**Activity**
Reproduce the records exactly. Leave the pictures out.
────────────────
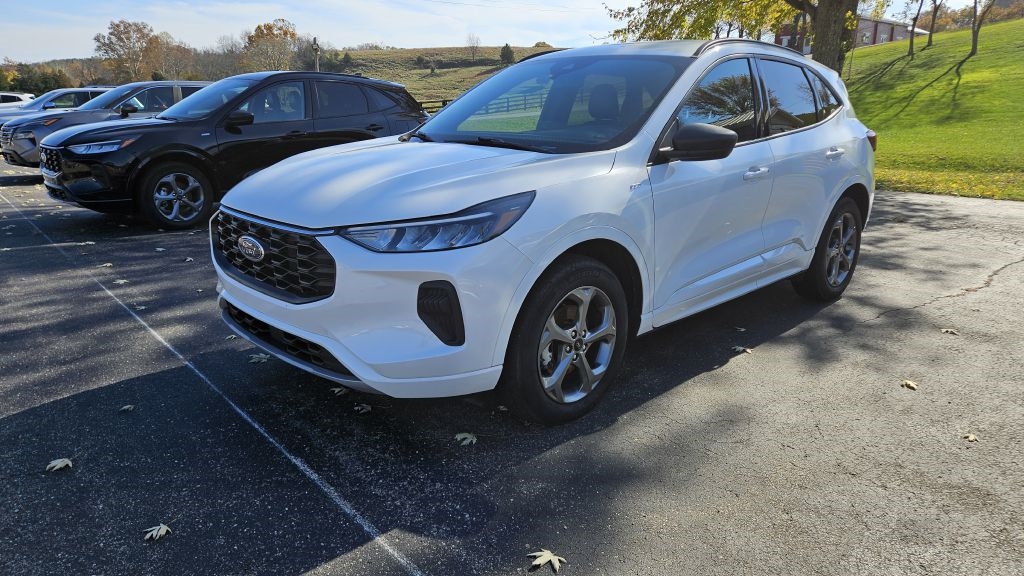 2024 Ford Escape ST-Line AWD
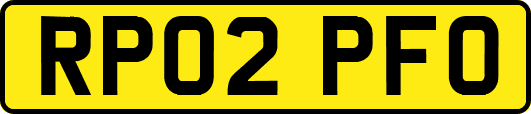RP02PFO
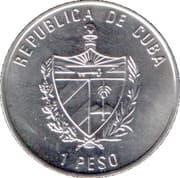 1 Peso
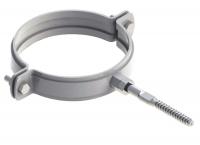 Дымоход кронштейн 100 Royal Thermo (RTF08.004)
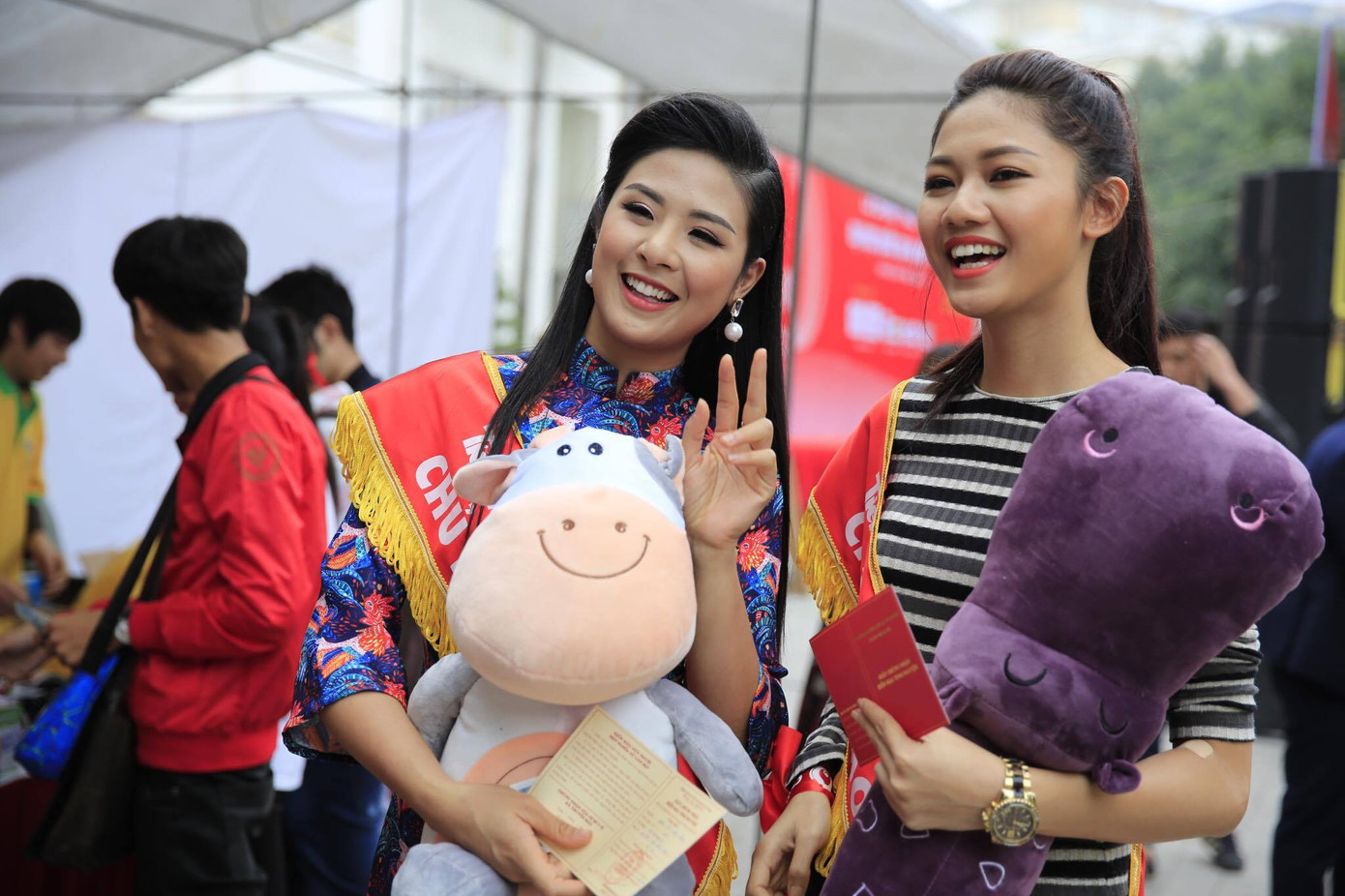 Chủ Nhật Đỏ ngày 8/1 thu được hơn 5500 đơn vị máu ảnh 29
────────────────
**Result below**
 2024 Ford Escape ST-Line AWD
RP02PFO
 1 Peso
 Дымоход кронштейн 100 Royal Thermo (RTF08.004)
 Chủ Nhật Đỏ ngày 8/1 thu được hơn 5500 đơn vị máu ảnh 29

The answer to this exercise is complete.